We have looked through the manuscript to ensure that all relevant reported values are rounded to 1 significant digit. Furthermore, this means that, for example when the text has 40.8% + 8.5% not adding up to 49.2%, this is because the actual values were 40.79% + 8.45% = 49.24%.

Clarification on the window selection

There is a timeline in the supplement, but to summarize, this was chosen to have a similar sized window to that of Anderson et al. (2015) and then have a long enough time to ensure that trials towards the end of the stop date can submit their result information.

Window 2 has fewer trials than Window 1

Window 2 has an additional criteria that is applied in order to more closely match the regulation which is that trials in Window 2 must also start after the rule effective date of Jan 18th 2017. Trials in Window 1 do not have this additional criteria as the publication of the rule was done in 2016.

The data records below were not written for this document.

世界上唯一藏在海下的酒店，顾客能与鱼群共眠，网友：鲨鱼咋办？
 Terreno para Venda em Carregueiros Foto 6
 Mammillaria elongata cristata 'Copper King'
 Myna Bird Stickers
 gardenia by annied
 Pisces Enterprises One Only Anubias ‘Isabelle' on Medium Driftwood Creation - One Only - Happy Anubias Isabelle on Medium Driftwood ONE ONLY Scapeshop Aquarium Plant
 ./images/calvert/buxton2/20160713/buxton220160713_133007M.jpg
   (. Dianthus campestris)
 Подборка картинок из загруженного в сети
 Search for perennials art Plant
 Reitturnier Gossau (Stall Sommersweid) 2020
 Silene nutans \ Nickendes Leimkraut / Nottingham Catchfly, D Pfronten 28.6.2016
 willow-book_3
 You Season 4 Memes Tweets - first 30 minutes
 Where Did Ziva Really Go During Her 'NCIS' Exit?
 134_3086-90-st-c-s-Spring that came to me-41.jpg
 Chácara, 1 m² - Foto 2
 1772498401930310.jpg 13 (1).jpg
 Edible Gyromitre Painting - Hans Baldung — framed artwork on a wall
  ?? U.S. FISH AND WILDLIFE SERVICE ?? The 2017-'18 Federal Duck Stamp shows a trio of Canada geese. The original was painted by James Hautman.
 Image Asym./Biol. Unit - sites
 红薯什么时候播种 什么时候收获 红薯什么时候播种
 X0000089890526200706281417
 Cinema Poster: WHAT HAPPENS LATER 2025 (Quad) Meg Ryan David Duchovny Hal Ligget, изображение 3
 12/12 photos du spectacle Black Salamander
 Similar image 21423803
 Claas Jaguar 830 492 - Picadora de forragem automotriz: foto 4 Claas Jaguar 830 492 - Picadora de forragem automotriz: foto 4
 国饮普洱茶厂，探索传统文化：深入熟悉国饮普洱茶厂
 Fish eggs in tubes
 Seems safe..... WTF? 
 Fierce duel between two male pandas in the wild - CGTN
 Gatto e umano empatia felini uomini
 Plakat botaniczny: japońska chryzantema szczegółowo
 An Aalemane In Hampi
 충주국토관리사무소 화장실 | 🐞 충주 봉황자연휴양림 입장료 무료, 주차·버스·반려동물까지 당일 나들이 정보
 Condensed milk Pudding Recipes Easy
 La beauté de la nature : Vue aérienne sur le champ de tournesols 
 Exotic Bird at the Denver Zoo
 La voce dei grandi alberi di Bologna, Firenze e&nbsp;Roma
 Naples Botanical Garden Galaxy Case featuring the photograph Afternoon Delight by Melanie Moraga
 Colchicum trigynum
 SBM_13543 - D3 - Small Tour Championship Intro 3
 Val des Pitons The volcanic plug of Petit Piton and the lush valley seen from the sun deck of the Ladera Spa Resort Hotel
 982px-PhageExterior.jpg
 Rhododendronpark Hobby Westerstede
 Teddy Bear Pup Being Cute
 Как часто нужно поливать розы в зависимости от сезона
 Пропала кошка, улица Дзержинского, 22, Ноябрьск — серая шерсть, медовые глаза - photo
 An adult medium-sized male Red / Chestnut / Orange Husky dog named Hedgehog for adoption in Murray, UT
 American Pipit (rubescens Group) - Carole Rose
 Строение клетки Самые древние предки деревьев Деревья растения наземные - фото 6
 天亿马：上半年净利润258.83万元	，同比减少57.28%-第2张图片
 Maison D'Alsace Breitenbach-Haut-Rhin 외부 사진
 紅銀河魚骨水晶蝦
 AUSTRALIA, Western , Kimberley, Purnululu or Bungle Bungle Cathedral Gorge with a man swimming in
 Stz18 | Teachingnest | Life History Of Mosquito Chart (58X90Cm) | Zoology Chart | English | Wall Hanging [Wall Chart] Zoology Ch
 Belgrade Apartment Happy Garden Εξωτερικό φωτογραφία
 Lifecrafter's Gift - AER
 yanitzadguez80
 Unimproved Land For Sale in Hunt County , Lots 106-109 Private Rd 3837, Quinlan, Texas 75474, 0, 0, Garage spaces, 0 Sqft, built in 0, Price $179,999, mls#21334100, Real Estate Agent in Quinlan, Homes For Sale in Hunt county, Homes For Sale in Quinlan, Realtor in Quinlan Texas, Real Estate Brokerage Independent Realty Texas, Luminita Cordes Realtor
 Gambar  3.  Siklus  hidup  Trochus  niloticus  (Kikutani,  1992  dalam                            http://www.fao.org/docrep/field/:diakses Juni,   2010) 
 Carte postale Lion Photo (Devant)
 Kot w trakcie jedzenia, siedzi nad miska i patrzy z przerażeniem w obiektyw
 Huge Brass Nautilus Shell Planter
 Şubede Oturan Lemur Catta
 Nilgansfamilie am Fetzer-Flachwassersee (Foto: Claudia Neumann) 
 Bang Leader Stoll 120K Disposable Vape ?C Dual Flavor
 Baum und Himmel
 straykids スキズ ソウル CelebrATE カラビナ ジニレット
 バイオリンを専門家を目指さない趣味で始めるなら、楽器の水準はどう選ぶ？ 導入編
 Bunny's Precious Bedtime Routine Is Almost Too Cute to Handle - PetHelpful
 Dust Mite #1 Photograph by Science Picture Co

In regards to ascertainment bias, the HLACTs (highly likely applicable clinical trials) are approximations of the actual ACT (applicable clinical trials). Since applicability is not fully public, we implement inclusion/exclusion criteria outlined in The Final Rule algorithmically to both study windows. (Apart from the initial date of the rule described above, the algorithm is consistent across both windows). The team manually verified sub-samples to ensure that the criteria were properly implemented. We compute confidence intervals to further assess sampling and selection bias to obtain robustness measurements.

Pseudocode

Pseudocode is a simplified, human-readable way of describing an algorithm without using actual programming language syntax. This enables technical and non-technical people to understand the logic of a program without the ambiguity of prose or extraneous implementation details.

To address any difficulties in reading pseudocode, funding source categorization is now explained in prose in the main part of the paper: “Trials are classified based on their funding sources in the following priority order…”.